Extracted data section start
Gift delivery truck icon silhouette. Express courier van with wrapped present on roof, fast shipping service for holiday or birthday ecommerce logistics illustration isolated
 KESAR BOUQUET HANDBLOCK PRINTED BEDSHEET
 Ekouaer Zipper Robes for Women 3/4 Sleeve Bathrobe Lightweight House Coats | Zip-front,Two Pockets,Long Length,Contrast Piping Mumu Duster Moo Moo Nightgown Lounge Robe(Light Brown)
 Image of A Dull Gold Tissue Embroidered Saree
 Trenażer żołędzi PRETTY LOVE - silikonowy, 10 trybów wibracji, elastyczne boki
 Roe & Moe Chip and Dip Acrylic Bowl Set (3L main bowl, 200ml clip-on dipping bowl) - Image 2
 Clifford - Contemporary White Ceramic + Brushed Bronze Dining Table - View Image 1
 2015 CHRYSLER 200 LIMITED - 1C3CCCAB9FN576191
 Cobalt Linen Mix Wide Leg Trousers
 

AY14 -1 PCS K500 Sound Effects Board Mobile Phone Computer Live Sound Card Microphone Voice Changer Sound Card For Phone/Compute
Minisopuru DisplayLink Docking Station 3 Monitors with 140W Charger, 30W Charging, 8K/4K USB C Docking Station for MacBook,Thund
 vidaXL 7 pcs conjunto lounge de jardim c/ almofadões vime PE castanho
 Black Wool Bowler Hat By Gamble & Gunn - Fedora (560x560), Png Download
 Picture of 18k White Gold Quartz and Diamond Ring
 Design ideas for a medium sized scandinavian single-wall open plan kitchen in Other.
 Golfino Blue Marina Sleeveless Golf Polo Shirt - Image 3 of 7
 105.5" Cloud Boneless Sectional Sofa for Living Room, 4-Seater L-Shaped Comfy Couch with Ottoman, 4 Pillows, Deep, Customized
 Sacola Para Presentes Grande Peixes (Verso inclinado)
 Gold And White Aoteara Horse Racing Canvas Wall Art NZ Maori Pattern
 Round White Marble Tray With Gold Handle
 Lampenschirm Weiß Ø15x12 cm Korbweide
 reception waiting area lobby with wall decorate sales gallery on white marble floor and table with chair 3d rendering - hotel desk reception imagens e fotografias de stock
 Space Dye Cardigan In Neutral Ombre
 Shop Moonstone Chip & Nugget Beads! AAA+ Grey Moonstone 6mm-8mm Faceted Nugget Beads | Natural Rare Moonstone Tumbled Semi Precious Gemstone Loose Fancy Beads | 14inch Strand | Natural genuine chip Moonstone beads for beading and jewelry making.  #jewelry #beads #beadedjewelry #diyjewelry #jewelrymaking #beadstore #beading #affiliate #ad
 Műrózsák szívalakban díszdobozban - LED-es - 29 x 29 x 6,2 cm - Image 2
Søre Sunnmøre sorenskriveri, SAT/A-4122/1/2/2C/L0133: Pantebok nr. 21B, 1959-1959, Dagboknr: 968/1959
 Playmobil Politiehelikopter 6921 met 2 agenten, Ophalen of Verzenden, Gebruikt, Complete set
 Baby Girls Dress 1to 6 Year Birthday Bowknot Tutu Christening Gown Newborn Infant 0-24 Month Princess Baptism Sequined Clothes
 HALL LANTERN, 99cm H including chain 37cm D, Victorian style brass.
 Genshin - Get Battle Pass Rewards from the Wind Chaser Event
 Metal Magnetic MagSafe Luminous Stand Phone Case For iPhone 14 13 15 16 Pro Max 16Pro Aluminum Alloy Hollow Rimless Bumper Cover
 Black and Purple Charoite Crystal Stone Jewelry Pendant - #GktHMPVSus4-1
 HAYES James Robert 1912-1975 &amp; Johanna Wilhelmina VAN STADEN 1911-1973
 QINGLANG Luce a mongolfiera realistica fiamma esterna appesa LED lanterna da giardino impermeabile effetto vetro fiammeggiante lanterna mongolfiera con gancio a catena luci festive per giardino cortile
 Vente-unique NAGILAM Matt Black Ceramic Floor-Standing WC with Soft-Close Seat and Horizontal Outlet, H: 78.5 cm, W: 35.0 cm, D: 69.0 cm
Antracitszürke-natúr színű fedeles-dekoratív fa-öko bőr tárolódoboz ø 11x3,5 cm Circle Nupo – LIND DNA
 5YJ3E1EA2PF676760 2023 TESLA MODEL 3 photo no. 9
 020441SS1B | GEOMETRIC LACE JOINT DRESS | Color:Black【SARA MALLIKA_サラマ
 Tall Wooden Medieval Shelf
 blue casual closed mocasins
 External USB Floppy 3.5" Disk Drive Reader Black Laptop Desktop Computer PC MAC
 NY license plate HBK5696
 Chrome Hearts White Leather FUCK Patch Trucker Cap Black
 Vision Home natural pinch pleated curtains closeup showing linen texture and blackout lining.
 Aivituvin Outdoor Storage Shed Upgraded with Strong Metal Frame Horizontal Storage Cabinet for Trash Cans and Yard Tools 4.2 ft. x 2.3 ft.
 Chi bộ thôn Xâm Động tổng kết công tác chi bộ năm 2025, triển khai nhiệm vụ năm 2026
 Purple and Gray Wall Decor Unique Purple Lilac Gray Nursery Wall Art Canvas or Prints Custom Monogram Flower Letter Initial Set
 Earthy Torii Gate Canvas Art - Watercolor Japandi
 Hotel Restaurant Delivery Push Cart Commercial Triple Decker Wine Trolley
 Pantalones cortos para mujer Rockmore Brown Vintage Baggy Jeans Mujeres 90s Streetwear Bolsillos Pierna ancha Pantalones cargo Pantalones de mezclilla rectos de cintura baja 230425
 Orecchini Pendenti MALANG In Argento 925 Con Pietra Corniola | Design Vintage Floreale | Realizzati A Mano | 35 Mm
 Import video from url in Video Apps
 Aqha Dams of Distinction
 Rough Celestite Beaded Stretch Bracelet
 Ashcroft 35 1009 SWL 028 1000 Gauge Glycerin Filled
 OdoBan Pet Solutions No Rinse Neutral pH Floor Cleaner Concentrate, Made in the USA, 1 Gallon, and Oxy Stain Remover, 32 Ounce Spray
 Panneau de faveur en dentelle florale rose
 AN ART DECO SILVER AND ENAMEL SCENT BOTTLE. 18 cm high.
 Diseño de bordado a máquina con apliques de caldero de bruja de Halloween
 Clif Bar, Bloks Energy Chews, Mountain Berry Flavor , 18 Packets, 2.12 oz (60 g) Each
Extracted data section end
**Task statement**
Looking over the records, find each line with the word "from" and copy it.

**Response for this exercise**
 Genshin - Get Battle Pass Rewards from the Wind Chaser Event
 Import video from url in Video Apps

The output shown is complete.